Mi abuelo murió ayer cuando mi familia menos lo esperaba. Abuelo se sobrepuso a quedar viudo a los 80, a casarse por segunda vez a los 81 y a tramitar su primer divorcio a los 83. También, se recuperó totalmente de un cáncer metastásico en los huesos. Estaba curado de absolutamente todo cuando murió a los 84. E, incluso, se había levantado de la silla de ruedas a la que lo había confinado el cáncer durante algunos meses para hacerse regular de una sala de bingo a la que también asistía su ex. Pero entonces vino el infarto. De madrugada. Como a traición. Me enteré por Facebook. Mi abuelo manejaba una cuenta que usaba para compartir sus breves opiniones políticas redactadas en el mismo estilo de sus columnas periodísticas. En sus columnas usualmente se entrelazaban sentencias de filósofos y poetas de la tradición occidental, comentarios sobre historia nacional e universal, política regional, metáforas deportivas y jerga local. El abuelo podía perfectamente iniciar una columna reflexionando sobre una cita de Maquiavelo o sobre un momento determinado de la vida del héroe independentista Antonio José de Sucre, para luego pasar a denunciar el mal asfaltado del elevado a la altura del mercado haciendo uso del modismo “ papaya", para acto seguido, preparar el cierre con una narración de los momentos más emocionantes del último juego de béisbol del equipo local, y finalmente terminar con broche de oro conmemorando el aniversario de la muerte de Cervantes, recurriendo a una cita del Licenciado Vidriera. Todo escrito en un lenguaje llano, casi coloquial, para que resultara accesible a una amplia variedad de lectores. Era interesante. Ameno. Todos quedaban con la sensación de haber aprendido algo.

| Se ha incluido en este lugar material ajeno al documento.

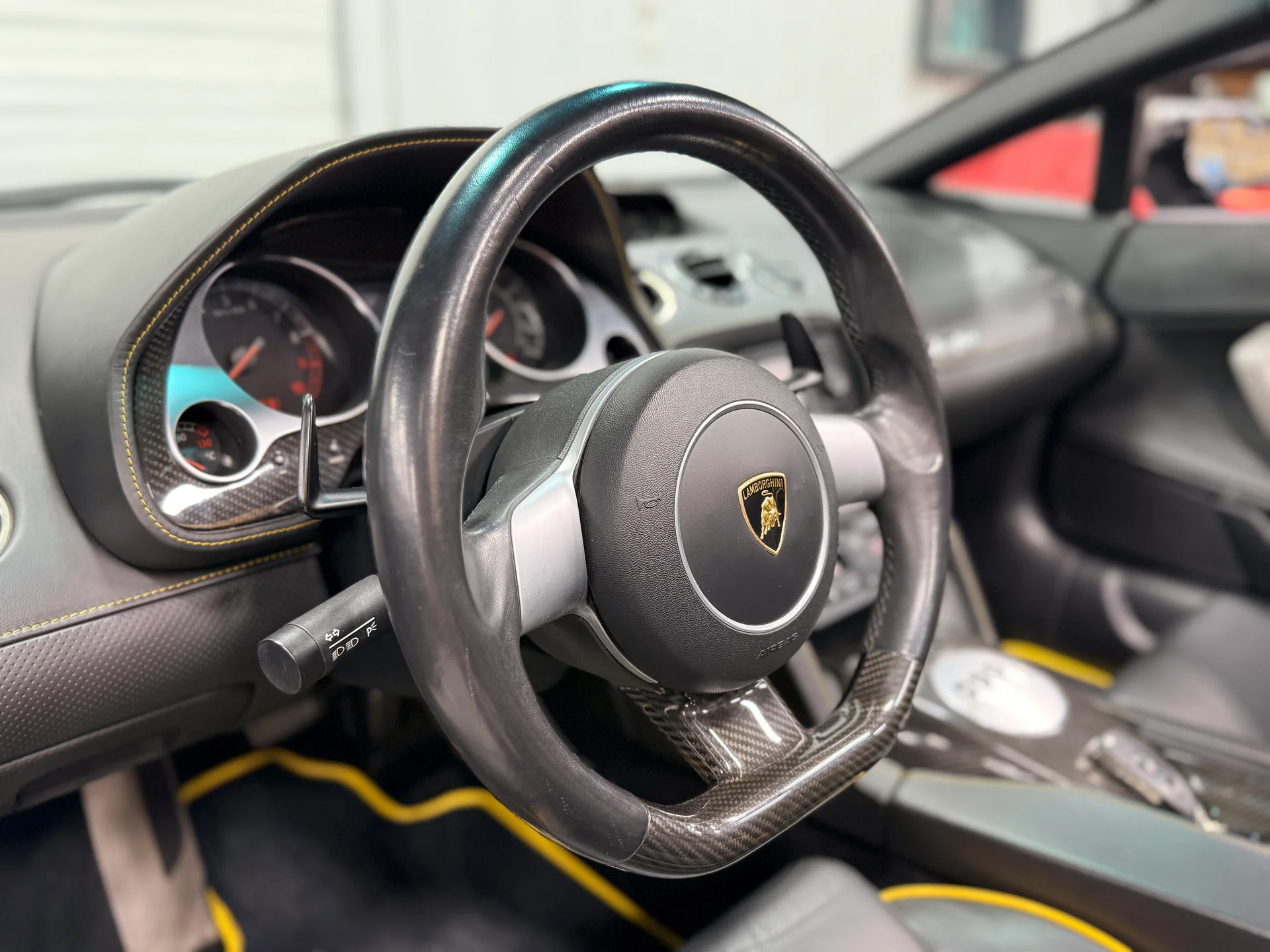 2008 Lamborghini Gallardo Base - Photo 29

Mi abuelo solo estudió hasta tercer grado de la
primaria. Pero era autodidacta. Un hombre que leía con interés y placer. Sus
libros cubrían muchas de las estancias de su casa de dos niveles. El gran
terror de la vejez era el de quedarse ciego. No poder estar en la luz. No poder
estar en los libros. No poder leerlos. Probablemente, también tenía un don
natural. Eso que algunos llaman punch. Trabajó como periodista en varios
periódicos de Puerto La Cruz. Antes había trabajado como profesor de educación
física en escuelas de distintas ciudades del oriente del país. Por esa época
escribió un libro sobre rutinas pedagógicas de gimnasia. Tenía ilustraciones de
siluetas humanas y líneas punteadas para indicar la dirección del movimiento de
los miembros. Una vez me mostró un ejemplar. Un lomo partido, un puñado de
hojas descosidas, abriéndose a la oscuridad del pasillo, a la intemperie
demarcada por el tragaluz. Antes de eso había prestado servicio militar por
unos pocos años. Fue cabo o sargento. También, estuvo muy metido en política.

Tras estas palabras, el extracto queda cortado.